我正在尝试在pthreads,semaphore.h和gcc atomic builtins之上实现一个由循环缓冲区支持的高性能阻塞队列。队列需要处理来自不同线程的多个同时读者和作者。
我已经隔离了某种竞争条件,我不确定它是否是关于某些原子操作和信号量行为的错误假设,或者我的设计是否存在根本缺陷。
我已将其提取并简化为以下独立示例。我希望这个程序永远不会回来。但是,在队列中检测到损坏的几十万次迭代之后它会返回。
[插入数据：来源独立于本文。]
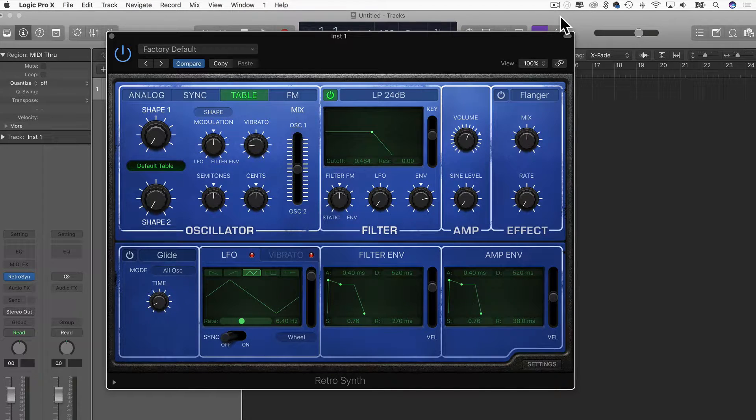In this video, I'm going to show you how to create and use a custom wavetable from an audio file in Logic Pro.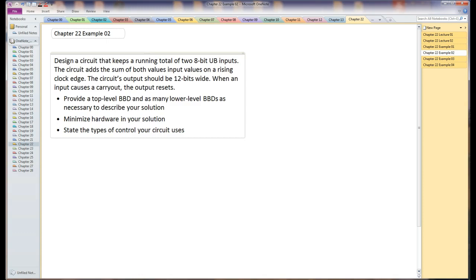This is Chapter 22, Example 2. In this problem, what we want to do is design a circuit that keeps a running total of two 8-bit unsigned binary inputs. And the output is stated to be 12-bit, so we don't have to worry about calculating that.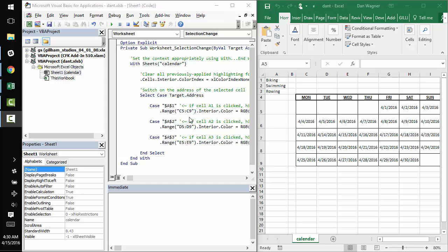Hey y'all, Dan from danwagner.co with a quick walkthrough on highlighting certain columns based on a user's selection inside a worksheet and a similarly quick rundown of the worksheet selection change event, which is going to do most of the heavy lifting in this particular case.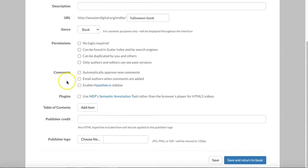All of these comments settings are only relevant if you enable Hypothesis, which just extends the normal functionality of Scalar and is fully optional.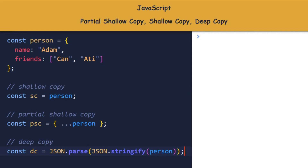The third one is a deep copy. dc and person do not share the same reference, and dc.friends and person.friends also have different references.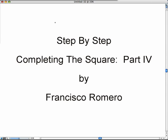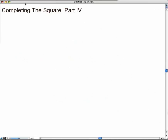Step-by-step math series presents Completing the Square, Part 4. What we're going to do now is going to be a very long process, but well worth it. We're going to start with the general form of a quadratic equation and, through completing the square, create the quadratic formula, which is very well known to all algebra students.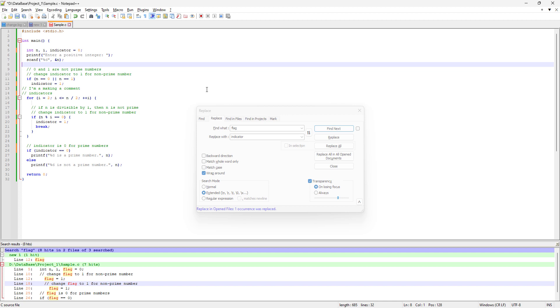The solution to that crazy thing is just inside Notepad++, where you can save tons of minutes without even opening the files. You can search for whatever you are looking for.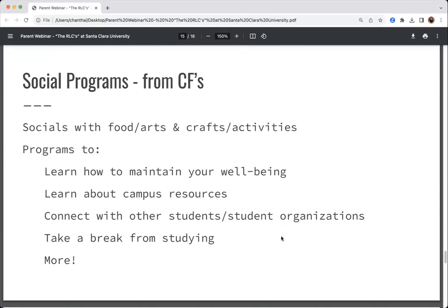Our social programs mostly come from our community facilitators — socials with food, art projects. Overall the goal is to help students maintain their wellbeing, manage stress, deal with the many demands on their time, learn about campus resources, and connect with student organizations. Sometimes it's just to take a break from studying — we believe you can't just keep going; you need rest, sleep, and to take care of yourself mentally and physically. CFs sometimes take students off campus to a baseball game or basketball game as well.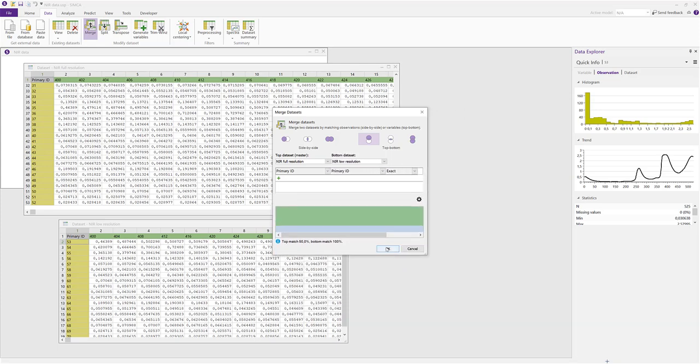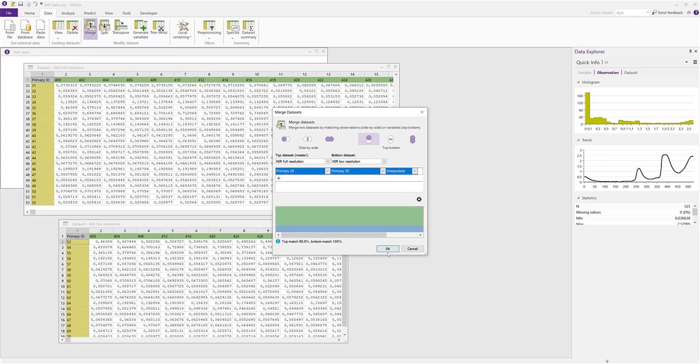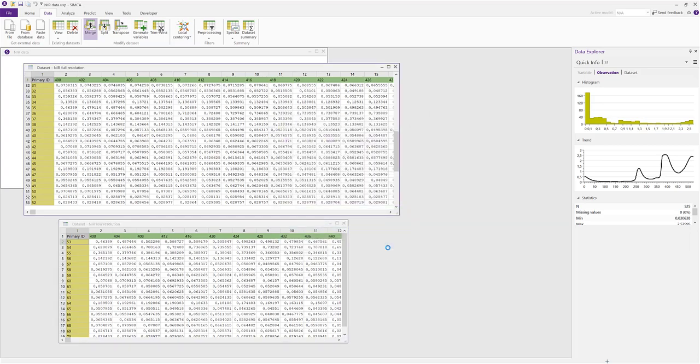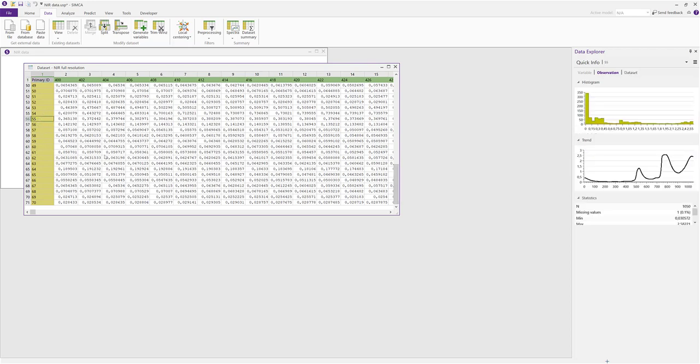Since the wave numbers are in the primary ID, we don't need to change the selection of rows here, but instead of an exact match we want to interpolate over the gaps in the data. So the low resolution data set now disappears and the observations 53 and onwards can be found inside of the full resolution data set. We can see that the interpolation has made complete rows.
在下面的示例中(用于说明),它实际上并不存储任何东西,它只是将一个单元格设置为1,该单元格将保存实际数据,而0表示一个空单元格。有一个计数信号量(空位)代表空置细胞的数量,另一个计数信号量(占用者)代表被占用细胞的数量。
作家执行以下操作:
读者反其道而行之:
我希望,鉴于上述情况,正好一个线程可以同时读取或写入任何给定的单元格。
关于它为什么不起作用或调试策略的任何想法都赞赏。下面的代码和输出......
#include <stdlib.h>
#include <semaphore.h>
#include <iostream>
using namespace std;
#define QUEUE_CAPACITY 8 // must be power of 2
#define NUM_THREADS 2
struct CountingSemaphore
{
sem_t m;
CountingSemaphore(unsigned int initial) { sem_init(&m, 0, initial); }
void post() { sem_post(&m); }
void wait() { sem_wait(&m); }
~CountingSemaphore() { sem_destroy(&m); }
};
struct BlockingQueue
{
unsigned int head; // (head % capacity) is next head position
unsigned int tail; // (tail % capacity) is next tail position
CountingSemaphore vacancies; // how many cells are vacant
CountingSemaphore occupants; // how many cells are occupied
int cell[QUEUE_CAPACITY];
// (cell[x] == 1) means occupied
// (cell[x] == 0) means vacant
BlockingQueue() :
head(0),
tail(0),
vacancies(QUEUE_CAPACITY),
occupants(0)
{
for (size_t i = 0; i < QUEUE_CAPACITY; i++)
cell[i] = 0;
}
// put an item in the queue
void put()
{
vacancies.wait();
// atomic post increment
set(__sync_fetch_and_add(&head, 1) % QUEUE_CAPACITY);
occupants.post();
}
// take an item from the queue
void take()
{
occupants.wait();
// atomic post increment
get(__sync_fetch_and_add(&tail, 1) % QUEUE_CAPACITY);
vacancies.post();
}
// set cell i
void set(unsigned int i)
{
// atomic compare and assign
if (!__sync_bool_compare_and_swap(&cell[i], 0, 1))
{
corrupt("set", i);
exit(-1);
}
}
// get cell i
void get(unsigned int i)
{
// atomic compare and assign
if (!__sync_bool_compare_and_swap(&cell[i], 1, 0))
{
corrupt("get", i);
exit(-1);
}
}
// corruption detected
void corrupt(const char* action, unsigned int i)
{
static CountingSemaphore sem(1);
sem.wait();
cerr << "corruption detected" << endl;
cerr << "action = " << action << endl;
cerr << "i = " << i << endl;
cerr << "head = " << head << endl;
cerr << "tail = " << tail << endl;
for (unsigned int j = 0; j < QUEUE_CAPACITY; j++)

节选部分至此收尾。